Yirmi yazı sonra Konuklarınızın Sesine son vereceğim. Yazdıklarımla Edirne aydınlarına yararlı oldum mu? Sanmıyorum; geri bildirim alamadım; iletişim kuramadım. “Kusur sende çünkü...” diye eleştiren de olmadı.
Edirne'de yedi yıl Edirneli aydınlarla yan yana yaşadım. Dost gibiydik; birlikte bir şeyler yapıyor gibiydik... Hiçbir uzun süreli önerim ortak bulmadı; bazı bazı dinlendim ama değişen bir şey olmadı. Ben uyayım dedim; toplantılara katıldım, söylenenleri alkışladım, sokaklarda sloganlar atarak dolaşmaya bile katıldım. Ne ben benimseyebildim, ne benimsendim. Üç yıldır Edirne'de değilim. Arayan var mı, onu da sanmıyorum...
Bir ara uzun bir eleştiri yazısı, hatta dizisi yazayım diye düşündüm, vazgeçtim. Yararlı olacağına inanmıyorum. Son bir Politik Birşeyler yazayım ve kitap tanıtımlarıyla ayrılayım.
Bilgi de, bilim de yalnızca “Ne? Nasıl? Neden?” sorularının yanıtı değil mi? Birileri, “Burjuva biliminin onda dokuzu boş, onda biri zor anlaşılır. Ama başka bir bilim de yok. Bu nedenle (toplumcu olmaya çalışanlar için) görev onda dokuzu ayıklamak, onda biri anlaşılır kılmak” dememiş mi?

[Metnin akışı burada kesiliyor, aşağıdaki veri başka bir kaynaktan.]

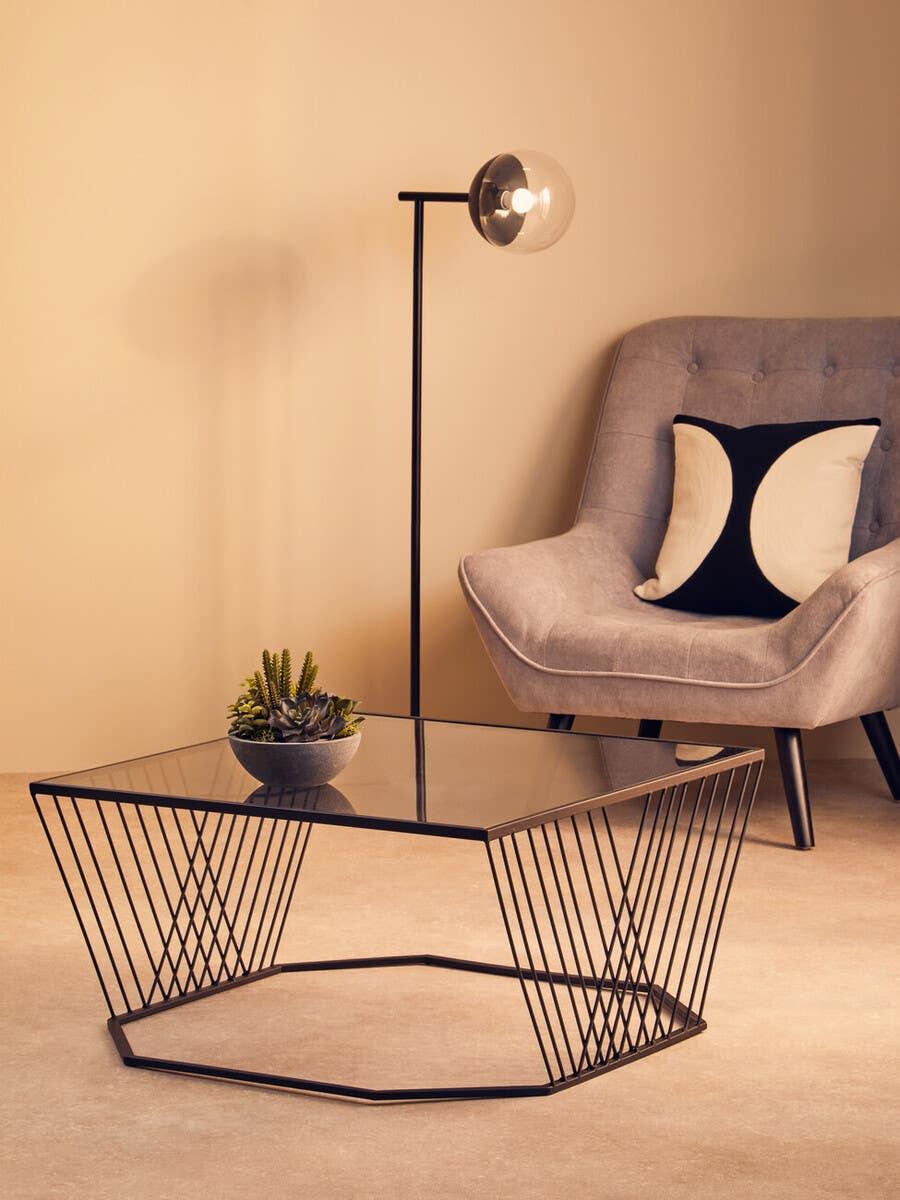 Glass top coffee table with black metal frame beside grey armchair and floor lamp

Ülkeyi yönetmeye aday aydınlarımız en bilgili, en çalışkan, en özverili, en toplumcu olanlarımız mı? Partilerimizde “Toplum için daha neler yapabiliriz?” tartışmaları mı yapılıyor, böyle bir yarış mı yaşanıyor? Dışarıda kalan, eleştiren aydınlarımız neden dışarıda, eleştiriyle ne amaçlıyorlar? Daha genel bir soru: Mutlu muyuz? Başarılı mıyız? Birileri “Bizce iyi adam demek iş gören, iş başarabilen adam demektir. İş yapmadan sadece söyleyen veya yazan insana biz iyi adam demeyiz. İş görmeyen bir insanın dürüst, akıllı olduğuna da inanmayız. Böyle insanların bir milleti iyi yola götürdükleri görülmemiştir.” derken bizim eleştirdiklerimizi mi, bizi mi uyarıyor?
Politik ortamda beklenmedik şeyler olmaya mı başladı?
(1) Uzlaşmaması gerekenler mi uzlaşıyor?
(2) Dostluk elleri küçük partilere bile mi uzanıyor?
(3) Yeni bir partinin hızla büyümesi her yandan, her yönden destek mi görüyor?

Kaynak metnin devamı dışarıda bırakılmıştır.